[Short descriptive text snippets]
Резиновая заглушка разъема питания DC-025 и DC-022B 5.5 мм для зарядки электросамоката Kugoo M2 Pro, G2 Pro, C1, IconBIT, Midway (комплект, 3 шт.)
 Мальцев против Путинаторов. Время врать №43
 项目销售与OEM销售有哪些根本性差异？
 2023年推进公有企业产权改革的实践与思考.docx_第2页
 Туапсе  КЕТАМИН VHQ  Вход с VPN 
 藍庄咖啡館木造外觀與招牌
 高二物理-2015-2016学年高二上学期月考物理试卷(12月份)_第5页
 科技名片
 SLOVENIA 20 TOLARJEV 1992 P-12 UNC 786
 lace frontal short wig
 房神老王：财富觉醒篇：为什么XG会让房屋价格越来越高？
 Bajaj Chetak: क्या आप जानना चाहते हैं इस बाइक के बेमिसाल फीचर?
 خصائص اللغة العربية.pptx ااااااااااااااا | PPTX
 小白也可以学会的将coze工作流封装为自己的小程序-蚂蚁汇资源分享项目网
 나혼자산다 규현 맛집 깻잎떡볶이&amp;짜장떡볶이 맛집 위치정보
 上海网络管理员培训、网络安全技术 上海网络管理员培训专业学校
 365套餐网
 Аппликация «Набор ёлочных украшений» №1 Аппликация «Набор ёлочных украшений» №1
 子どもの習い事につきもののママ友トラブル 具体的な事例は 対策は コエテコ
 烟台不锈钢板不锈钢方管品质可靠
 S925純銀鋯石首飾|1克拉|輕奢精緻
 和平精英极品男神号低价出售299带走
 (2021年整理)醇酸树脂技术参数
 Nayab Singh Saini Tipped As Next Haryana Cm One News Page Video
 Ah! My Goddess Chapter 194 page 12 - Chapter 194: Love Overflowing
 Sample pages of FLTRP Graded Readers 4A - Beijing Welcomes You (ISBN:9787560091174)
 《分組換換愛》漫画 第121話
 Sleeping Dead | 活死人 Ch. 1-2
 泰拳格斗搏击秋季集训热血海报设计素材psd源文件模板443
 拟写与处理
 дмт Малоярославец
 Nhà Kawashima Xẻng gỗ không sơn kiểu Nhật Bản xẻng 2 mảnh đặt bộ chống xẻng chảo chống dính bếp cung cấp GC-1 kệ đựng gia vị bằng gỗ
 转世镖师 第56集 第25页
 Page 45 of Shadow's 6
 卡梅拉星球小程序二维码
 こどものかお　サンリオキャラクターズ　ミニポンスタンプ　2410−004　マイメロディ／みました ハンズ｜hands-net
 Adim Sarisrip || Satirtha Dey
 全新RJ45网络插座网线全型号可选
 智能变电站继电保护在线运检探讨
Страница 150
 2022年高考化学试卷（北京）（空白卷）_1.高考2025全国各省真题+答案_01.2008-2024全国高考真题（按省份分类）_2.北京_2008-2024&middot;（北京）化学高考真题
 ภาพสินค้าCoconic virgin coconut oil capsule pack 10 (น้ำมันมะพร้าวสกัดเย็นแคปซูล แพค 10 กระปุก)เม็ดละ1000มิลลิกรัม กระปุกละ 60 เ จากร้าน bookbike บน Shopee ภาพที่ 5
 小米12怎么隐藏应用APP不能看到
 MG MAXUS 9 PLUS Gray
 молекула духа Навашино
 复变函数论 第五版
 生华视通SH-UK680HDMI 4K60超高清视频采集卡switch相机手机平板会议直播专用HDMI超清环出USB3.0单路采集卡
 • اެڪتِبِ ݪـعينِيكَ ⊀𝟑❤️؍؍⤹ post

◆ ACTIVITY ◆
Exactly as written, please output every entry.

◆ ANSWER BOX ◆
Резиновая заглушка разъема питания DC-025 и DC-022B 5.5 мм для зарядки электросамоката Kugoo M2 Pro, G2 Pro, C1, IconBIT, Midway (комплект, 3 шт.)
 Мальцев против Путинаторов. Время врать №43
 项目销售与OEM销售有哪些根本性差异？
 2023年推进公有企业产权改革的实践与思考.docx_第2页
 Туапсе  КЕТАМИН VHQ  Вход с VPN 
 藍庄咖啡館木造外觀與招牌
 高二物理-2015-2016学年高二上学期月考物理试卷(12月份)_第5页
 科技名片
 SLOVENIA 20 TOLARJEV 1992 P-12 UNC 786
 lace frontal short wig
 房神老王：财富觉醒篇：为什么XG会让房屋价格越来越高？
 Bajaj Chetak: क्या आप जानना चाहते हैं इस बाइक के बेमिसाल फीचर?
 خصائص اللغة العربية.pptx ااااااااااااااا | PPTX
 小白也可以学会的将coze工作流封装为自己的小程序-蚂蚁汇资源分享项目网
 나혼자산다 규현 맛집 깻잎떡볶이&amp;짜장떡볶이 맛집 위치정보
 上海网络管理员培训、网络安全技术 上海网络管理员培训专业学校
 365套餐网
 Аппликация «Набор ёлочных украшений» №1 Аппликация «Набор ёлочных украшений» №1
 子どもの習い事につきもののママ友トラブル 具体的な事例は 対策は コエテコ
 烟台不锈钢板不锈钢方管品质可靠
 S925純銀鋯石首飾|1克拉|輕奢精緻
 和平精英极品男神号低价出售299带走
 (2021年整理)醇酸树脂技术参数
 Nayab Singh Saini Tipped As Next Haryana Cm One News Page Video
 Ah! My Goddess Chapter 194 page 12 - Chapter 194: Love Overflowing
 Sample pages of FLTRP Graded Readers 4A - Beijing Welcomes You (ISBN:9787560091174)
 《分組換換愛》漫画 第121話
 Sleeping Dead | 活死人 Ch. 1-2
 泰拳格斗搏击秋季集训热血海报设计素材psd源文件模板443
 拟写与处理
 дмт Малоярославец
 Nhà Kawashima Xẻng gỗ không sơn kiểu Nhật Bản xẻng 2 mảnh đặt bộ chống xẻng chảo chống dính bếp cung cấp GC-1 kệ đựng gia vị bằng gỗ
 转世镖师 第56集 第25页
 Page 45 of Shadow's 6
 卡梅拉星球小程序二维码
 こどものかお　サンリオキャラクターズ　ミニポンスタンプ　2410−004　マイメロディ／みました ハンズ｜hands-net
 Adim Sarisrip || Satirtha Dey
 全新RJ45网络插座网线全型号可选
 智能变电站继电保护在线运检探讨
Страница 150
 2022年高考化学试卷（北京）（空白卷）_1.高考2025全国各省真题+答案_01.2008-2024全国高考真题（按省份分类）_2.北京_2008-2024&middot;（北京）化学高考真题
 ภาพสินค้าCoconic virgin coconut oil capsule pack 10 (น้ำมันมะพร้าวสกัดเย็นแคปซูล แพค 10 กระปุก)เม็ดละ1000มิลลิกรัม กระปุกละ 60 เ จากร้าน bookbike บน Shopee ภาพที่ 5
 小米12怎么隐藏应用APP不能看到
 MG MAXUS 9 PLUS Gray
 молекула духа Навашино
 复变函数论 第五版
 生华视通SH-UK680HDMI 4K60超高清视频采集卡switch相机手机平板会议直播专用HDMI超清环出USB3.0单路采集卡
 • اެڪتِبِ ݪـعينِيكَ ⊀𝟑❤️؍؍⤹ post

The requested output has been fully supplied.